I was listening to music on headphones. Particularly the Tool 10,000 days and Lateralus albums. I know each note, lyric, and arrangement front to back. Listening to them mid-trip is simply like listening to a brand new cd that has 5 times the depth and beauty. They were simply beautiful. Maynards voice was speaking directly to my very being. I was aware of nuances to the lyrics I had never considered, and the music seemed completely foreign or alien... but beautiful. I highly recommend if you have the chance to do Aya that you listen to the CD you know the best. It is incredible.

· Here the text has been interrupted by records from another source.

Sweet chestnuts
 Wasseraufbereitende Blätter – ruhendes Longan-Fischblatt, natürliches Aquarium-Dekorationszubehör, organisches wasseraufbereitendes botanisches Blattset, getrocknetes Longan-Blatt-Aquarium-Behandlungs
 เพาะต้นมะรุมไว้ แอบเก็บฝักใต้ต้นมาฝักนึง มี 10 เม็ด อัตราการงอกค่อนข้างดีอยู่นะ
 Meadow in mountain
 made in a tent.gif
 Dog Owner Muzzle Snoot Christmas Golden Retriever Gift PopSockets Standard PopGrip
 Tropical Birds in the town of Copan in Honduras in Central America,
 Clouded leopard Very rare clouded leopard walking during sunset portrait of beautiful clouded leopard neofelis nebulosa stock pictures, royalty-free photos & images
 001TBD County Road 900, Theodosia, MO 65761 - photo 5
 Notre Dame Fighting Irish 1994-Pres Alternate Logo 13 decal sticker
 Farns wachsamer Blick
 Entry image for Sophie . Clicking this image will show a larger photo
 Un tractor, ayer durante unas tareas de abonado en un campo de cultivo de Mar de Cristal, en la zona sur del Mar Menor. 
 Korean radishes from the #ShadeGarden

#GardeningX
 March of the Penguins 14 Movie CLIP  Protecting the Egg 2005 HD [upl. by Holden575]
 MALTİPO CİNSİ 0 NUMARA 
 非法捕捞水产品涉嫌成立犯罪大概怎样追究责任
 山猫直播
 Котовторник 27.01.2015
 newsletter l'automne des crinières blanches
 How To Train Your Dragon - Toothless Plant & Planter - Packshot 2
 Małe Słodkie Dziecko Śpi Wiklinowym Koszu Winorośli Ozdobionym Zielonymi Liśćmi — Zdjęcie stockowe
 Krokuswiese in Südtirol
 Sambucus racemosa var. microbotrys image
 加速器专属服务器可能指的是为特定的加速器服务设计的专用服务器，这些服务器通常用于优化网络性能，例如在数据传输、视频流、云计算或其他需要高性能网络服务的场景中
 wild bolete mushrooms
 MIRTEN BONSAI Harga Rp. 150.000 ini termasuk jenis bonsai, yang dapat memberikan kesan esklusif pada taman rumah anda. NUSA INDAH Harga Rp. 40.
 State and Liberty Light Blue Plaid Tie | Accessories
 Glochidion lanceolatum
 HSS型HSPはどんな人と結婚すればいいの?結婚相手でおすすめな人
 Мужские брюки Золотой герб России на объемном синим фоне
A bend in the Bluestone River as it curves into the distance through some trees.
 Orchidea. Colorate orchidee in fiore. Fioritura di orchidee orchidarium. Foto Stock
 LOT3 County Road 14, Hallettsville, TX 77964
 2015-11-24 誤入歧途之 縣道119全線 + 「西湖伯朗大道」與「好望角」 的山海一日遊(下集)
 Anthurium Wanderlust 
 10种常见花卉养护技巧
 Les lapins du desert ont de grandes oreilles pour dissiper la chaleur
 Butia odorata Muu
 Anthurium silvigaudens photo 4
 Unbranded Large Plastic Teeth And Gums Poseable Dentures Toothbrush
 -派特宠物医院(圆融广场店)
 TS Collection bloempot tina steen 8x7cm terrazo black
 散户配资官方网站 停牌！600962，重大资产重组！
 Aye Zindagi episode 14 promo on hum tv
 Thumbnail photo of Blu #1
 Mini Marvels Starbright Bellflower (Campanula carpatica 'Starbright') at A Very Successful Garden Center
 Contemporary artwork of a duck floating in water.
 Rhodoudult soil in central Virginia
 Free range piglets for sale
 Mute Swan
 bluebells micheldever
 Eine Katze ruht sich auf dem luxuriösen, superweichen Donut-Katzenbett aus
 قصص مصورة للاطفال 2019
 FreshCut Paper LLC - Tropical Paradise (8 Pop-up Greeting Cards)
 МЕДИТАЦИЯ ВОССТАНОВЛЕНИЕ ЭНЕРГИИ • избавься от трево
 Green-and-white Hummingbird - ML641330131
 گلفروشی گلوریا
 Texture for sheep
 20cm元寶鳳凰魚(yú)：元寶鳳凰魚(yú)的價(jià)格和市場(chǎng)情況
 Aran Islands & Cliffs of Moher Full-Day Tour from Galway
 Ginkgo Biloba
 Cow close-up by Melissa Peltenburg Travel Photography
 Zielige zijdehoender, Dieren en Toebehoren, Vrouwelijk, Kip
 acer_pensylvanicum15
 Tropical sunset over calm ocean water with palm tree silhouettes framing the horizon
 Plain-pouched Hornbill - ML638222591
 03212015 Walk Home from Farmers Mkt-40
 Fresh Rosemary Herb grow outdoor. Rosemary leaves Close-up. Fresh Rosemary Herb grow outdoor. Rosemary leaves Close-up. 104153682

I saw stars outside that spoke to me, and most importantly I had conversations with my internal self that were simply life changing. You actually can speak to your subconscious mind, and it speaks back. The plants in this tea seem to actually have their own voice as well. They speak of caring, and compassion, and a sense of connection that I had simply never felt. The feeling makes me think of a culmination of every painting I have ever had the luck of seeing of the Buddha at the moment of his enlightenment. Just him being connected to the ground, the tree he was sitting under, and the sky being completely interconnected with all living beings. That is my explanation of Ayahuasca. It seems to show (in my personal experience) how connected we all are. It is the largest, most loving hug you can ever receive. Until the puke and poop comes.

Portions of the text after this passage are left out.